Maybe I’m triggered because I remember the days when we sat at a different gate at the airport until our flight was boarding so no one could guess where we were going or which defense contractor would be at the end of a flight to Seattle, St. Louis, Orlando, Tucson, Baltimore, Dallas, Minneapolis, or Los Angeles.  Or maybe it’s the current state of affairs that has me sensitive to how people working in Defense overshare tidbits that show a bigger picture or put their families in danger.  Or maybe because we assume a room full of strangers won’t know what we’re talking about, and never realize that those strangers might be purposely listening for that information or might recognize your work even if you don’t recognize them.

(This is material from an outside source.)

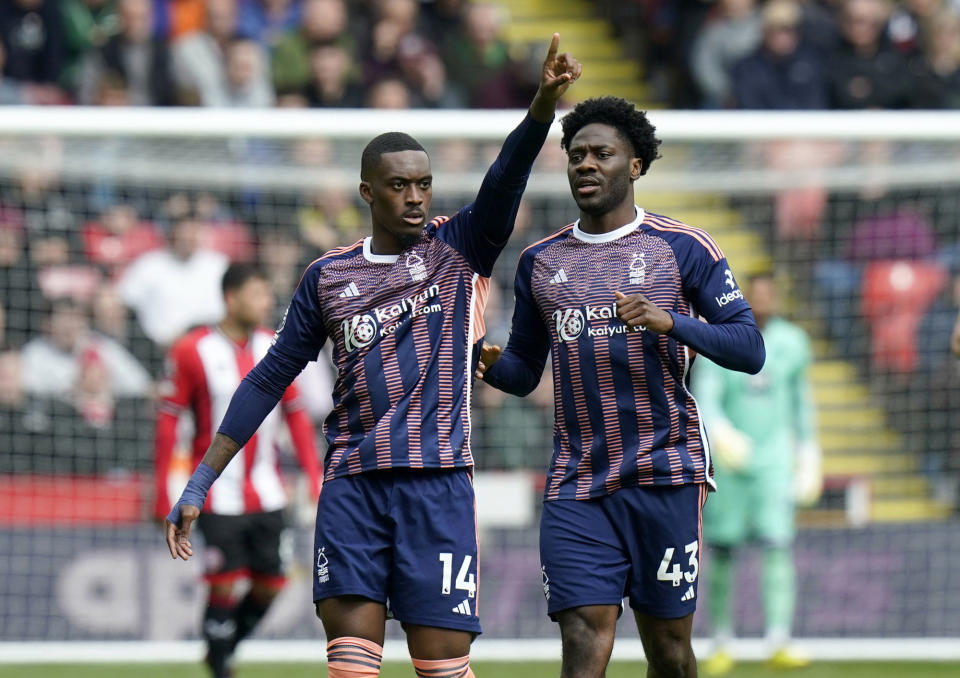 Nottingham Forest's Callum Hudson-Odoi, left, celebrates after scoring his side's first goal of the game, during the English Premier League soccer match between Sheffield United and Nottingham Forest, at Bramall Lane, in Sheffield, England, Saturday May 4, 2024. (Danny Lawson/PA via AP)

It reminds me of a conversation I had in a bathroom in NYC around 30 years ago at a writers’ conference.  I was at a private dinner in an out-of-the-way location—4 people, including our new editor.  This was the first time some of us had met her, and while the editor was paying the bill, the three of us authors dashed off to the bathroom. It was empty, cavernous, and echoing, and we authors had a “private” chat about what we thought about our new editor, which was all exceedingly positive. That chat lasted a good five minutes before we were suddenly silent and one of the toilets around the corner flushed.  Our jaws dropped. We’d thought no one had heard, and immediately tried to remember what I’d said.

Out stepped a rather prominent literary agent I knew by sight. She told us that it was a good thing we hadn’t said anything bad. I’m pretty sure she would’ve sat there until she lost feeling in her lower extremities. She wasn’t there to spy on us, but she was garnering information about both the editor and about us, and it was the kind of thing that mattered. We’d thought we were safe in such an out-of-the-way location far from the publishing world. The lesson I took from that experience is that you never know who might be listening if you’re not clocking the people around you.

Well, that and to check better under the stall door if I’m going to have a private conversation about work. She could have ruined our publishing careers without us ever knowing she’d been there.

Privacy in public spaces is largely an illusion. What matters isn’t whether someone intends to listen—it’s whether someone can.